Radiometric dating is the process by which scientists use radioactive trace elements to determine the age of fossils and artifacts (carbon dating is a type of radiometric dating). It’s a super fundamental concept in paleontology, geology, archaeology, and astronomy–it’s how we know the age of the earth, how we can put the history of life into an organized timeline called the geologic time scale, and provides clues about all kinds of other long-term geologic processes like continental drift and the formation of mountains and ocean rifts. However, how radiometric dating actually works is not only a little hard to understand, but extremely hard to research; it took me a lot of sources and fortuitous encounters of keywords to put together a comprehensive picture. In this post, I’ll compile all that into a single place, so that people like me trying to understand it in the future will have a one-stop answer!
My first foray into learning about radiometric dating was because of the 2020 Inktober prompt “radio”. The comic I made then (using characters I intended to expand upon further, which still hasn’t happened yet) is a good jumping-off point for the rest of this post, so please scroll back up and read the page image up top if you haven’t already.

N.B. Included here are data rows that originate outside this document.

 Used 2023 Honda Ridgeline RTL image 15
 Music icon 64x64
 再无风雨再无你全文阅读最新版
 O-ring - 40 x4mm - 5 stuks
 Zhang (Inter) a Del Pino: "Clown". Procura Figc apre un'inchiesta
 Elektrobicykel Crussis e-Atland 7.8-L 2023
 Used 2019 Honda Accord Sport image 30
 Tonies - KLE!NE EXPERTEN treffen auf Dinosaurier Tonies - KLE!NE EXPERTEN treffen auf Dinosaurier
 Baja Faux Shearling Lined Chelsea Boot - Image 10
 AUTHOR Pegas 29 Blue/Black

While I covered the very basics there–like why it only works on igneous, what biostratigraphy is, and some applications–I left a lot of material unaddressed due to the size limitations of my paper. So here’s a quick crash course to more formally tackle the fundamentals. Feel free to skip to the next section if you are already familiar.
Basic concepts
An element is defined by the number of protons in its nucleus; each integer number of protons corresponds to a unique chemical element, from hydrogen with one proton to oganesson with 118. The number of protons largely dictates how the substance behaves: how it looks, how dense it is (with larger numbers of protons usually meaning denser materials, although the inter-atom structure also comes into play), and, indirectly (through influencing how many electrons it can have), how it behaves and what kinds of compounds it can form.

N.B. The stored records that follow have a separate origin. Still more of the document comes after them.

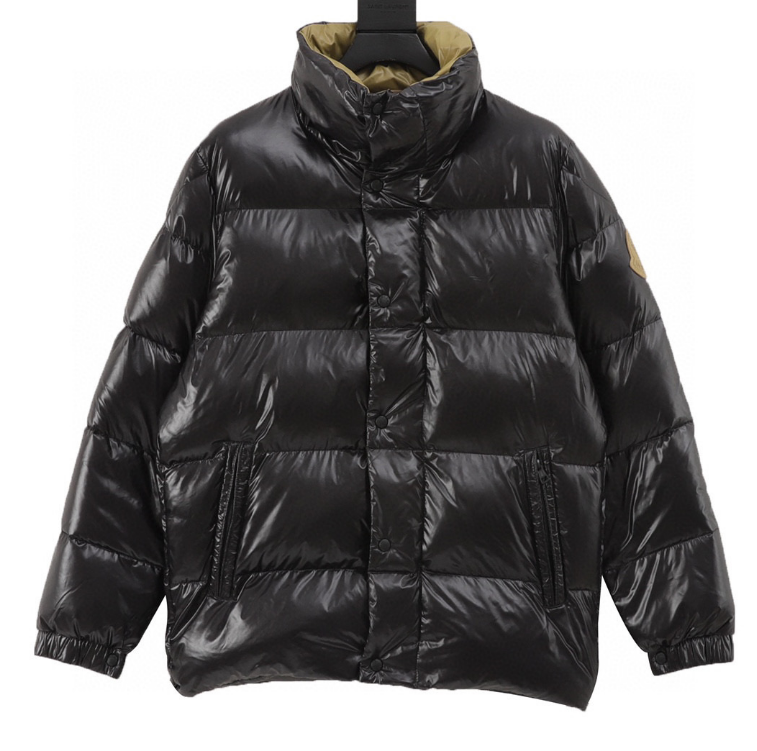 Moncler down jacket 2024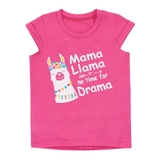 Футболка Ляля 3СК149 98 Розовый (807245.1160911) - Pampik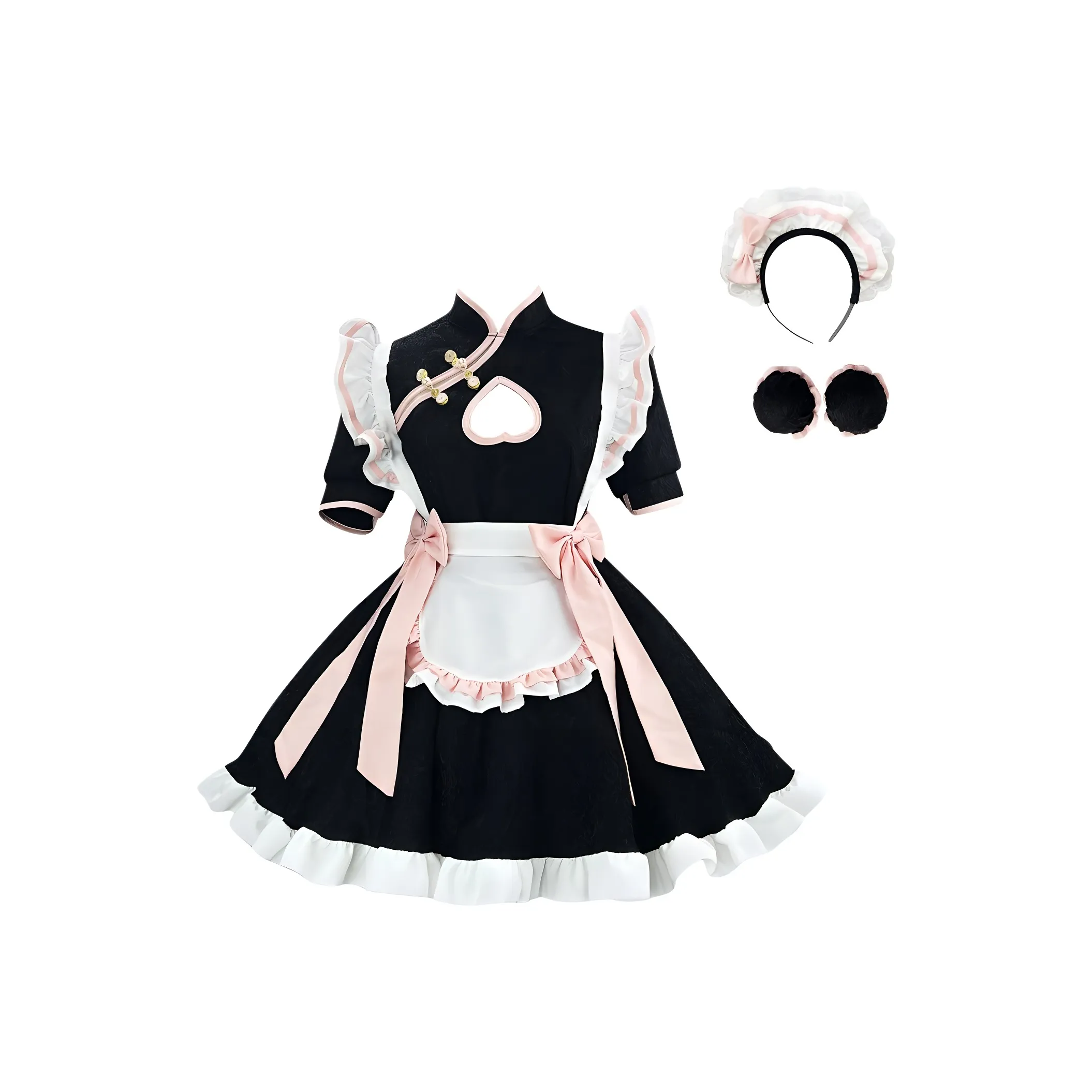 ORANDOR WEAR Лолита-стиль Женские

An isotope is a specific configuration of an element, defined by the number of neutrons in its nucleus. Sometimes carbon has six neutrons in its nucleus alongside the six protons, making it carbon-12 (twelve nuclear particles in total). But sometimes it has eight neutrons and six protons, making it carbon-14. These are two different isotopes of carbon.
Radioactive decay is a type of straight-up alchemy, by which I mean a process in which one substance transmutes into another (the other types of alchemy are nuclear fission and antimatter annihilation). There are a few different forms of radioactive decay, in which neutrons can turn into protons or vice versa, or entire helium atoms (groups of two protons and two neutrons) can be jettisoned from a nucleus, leaving the resulting nucleus as a different substance. Sometimes, multiple forms of radioactive decay happen in series, so that an unstable parent element turns into an unstable daughter, which turns into another unstable daughter, which finally turns into a stable daughter. By the way, stable isotopes are ones that don’t spontaneously radioactively decay, and unstable isotopes do spontaneously decay. Another way to describe it is that stable isotopes are non-radioactive (radioinert?) substances, while unstable isotopes are radioactive substances.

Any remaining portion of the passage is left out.